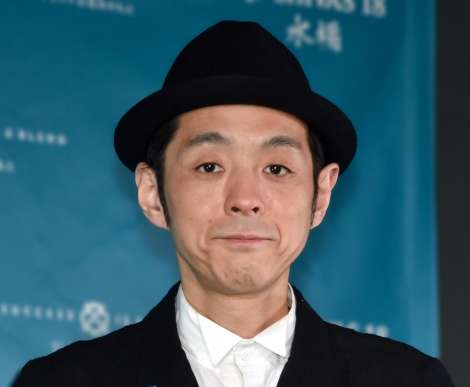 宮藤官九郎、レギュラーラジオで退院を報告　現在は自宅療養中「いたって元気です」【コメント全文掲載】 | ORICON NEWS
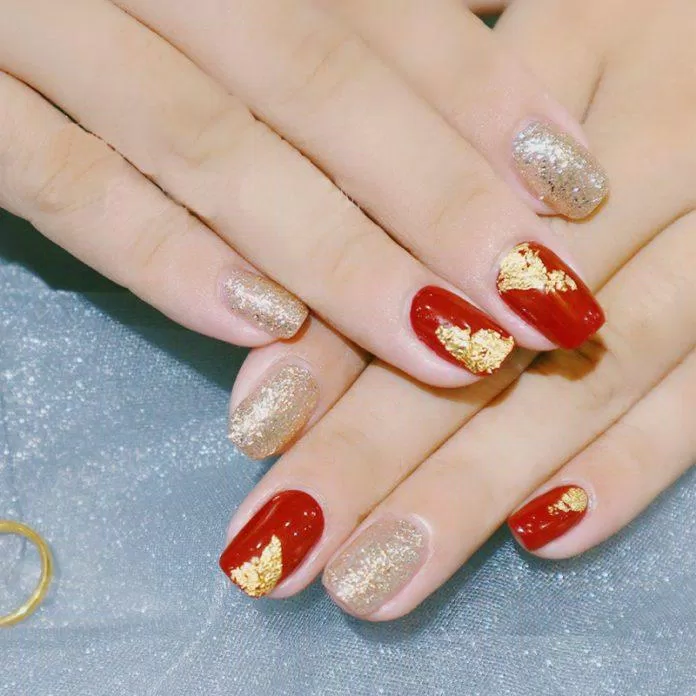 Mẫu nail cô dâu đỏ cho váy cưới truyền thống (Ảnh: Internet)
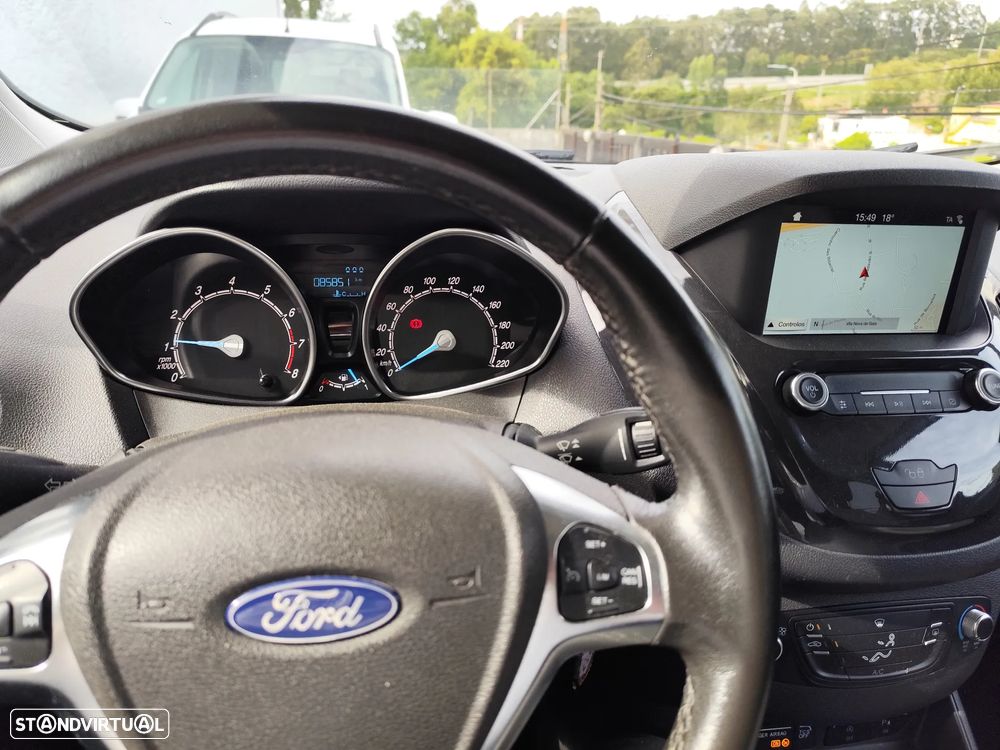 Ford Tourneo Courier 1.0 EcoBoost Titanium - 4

* * *

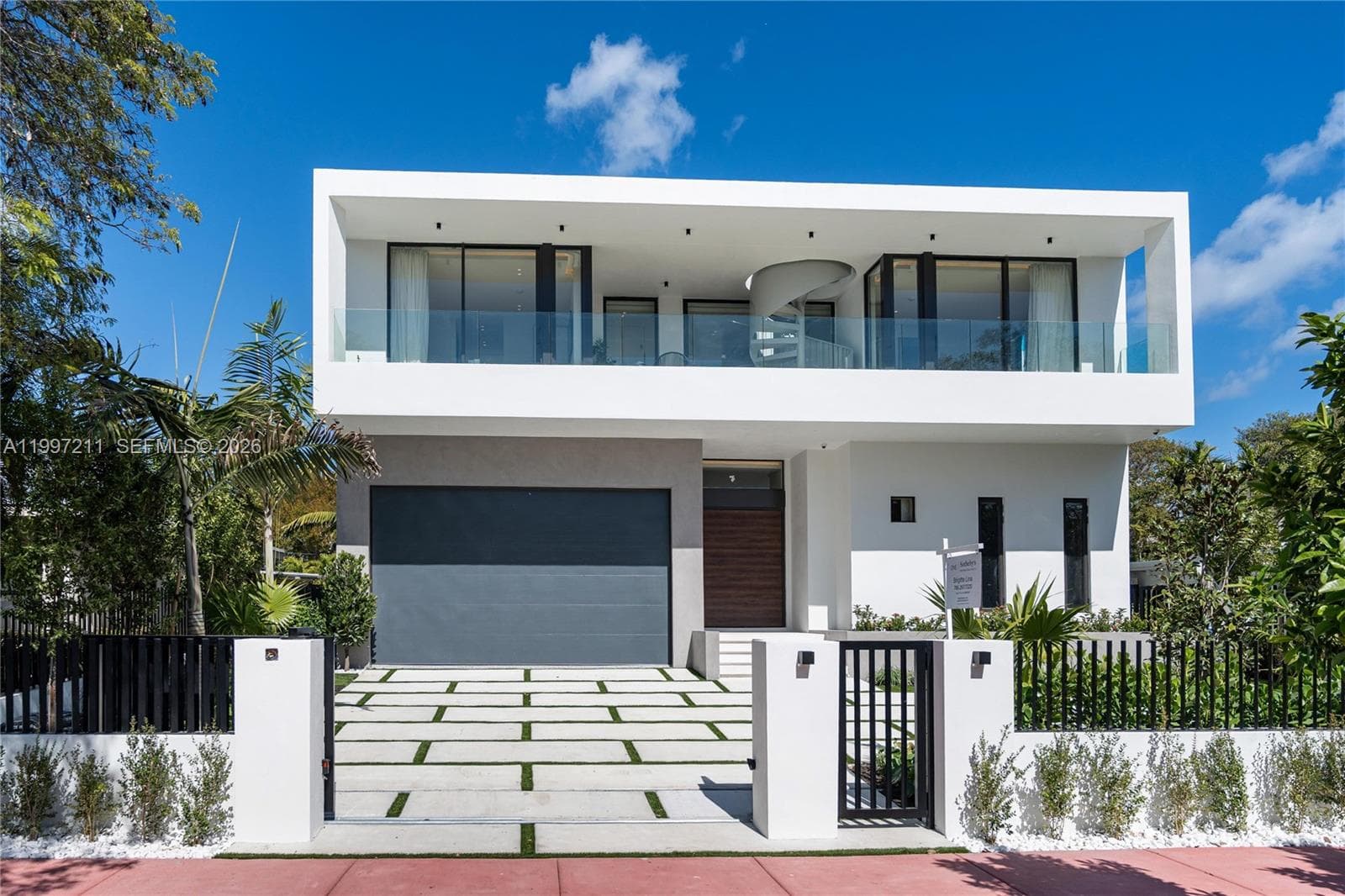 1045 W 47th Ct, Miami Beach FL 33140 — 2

---

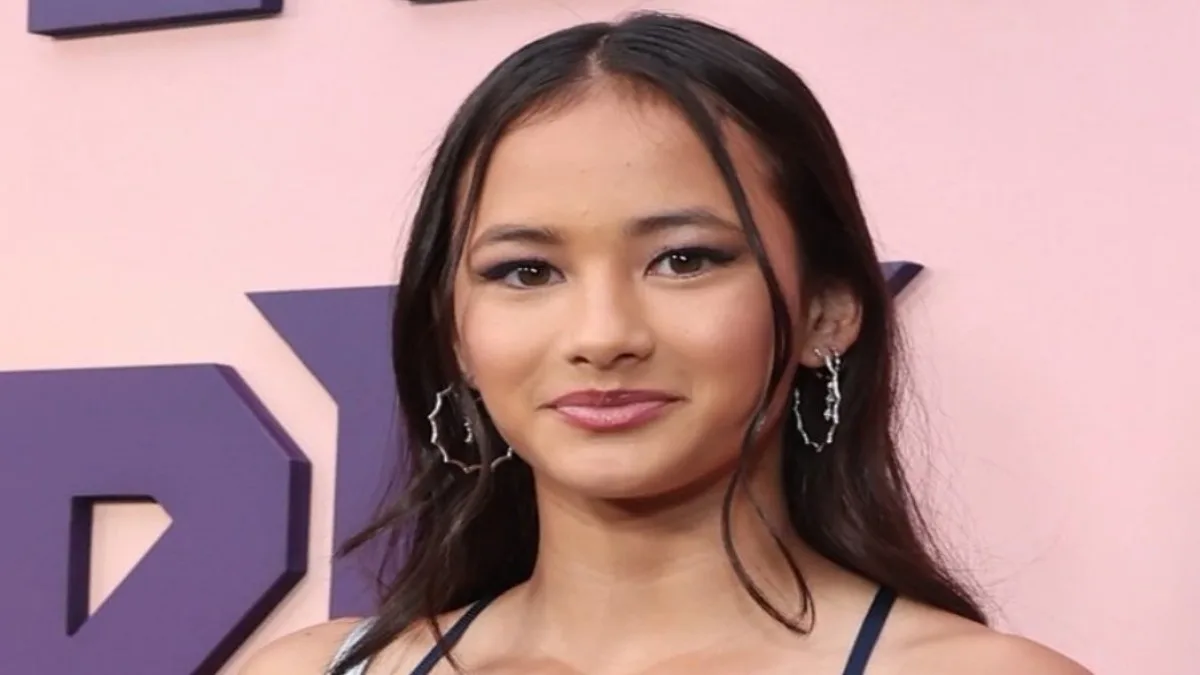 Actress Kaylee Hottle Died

Work instruction: The stretch above running from the line with "宮藤官九郎、レギュラーラジオで退院を報告　現在は自宅療養中「いたって元気です」【コメント全文掲載】 | ORICON" through the line with "Ford Tourneo Courier" is all you should copy, exactly, leaving out the pictures.

Response:
 宮藤官九郎、レギュラーラジオで退院を報告　現在は自宅療養中「いたって元気です」【コメント全文掲載】 | ORICON NEWS
 Mẫu nail cô dâu đỏ cho váy cưới truyền thống (Ảnh: Internet)
 Ford Tourneo Courier 1.0 EcoBoost Titanium - 4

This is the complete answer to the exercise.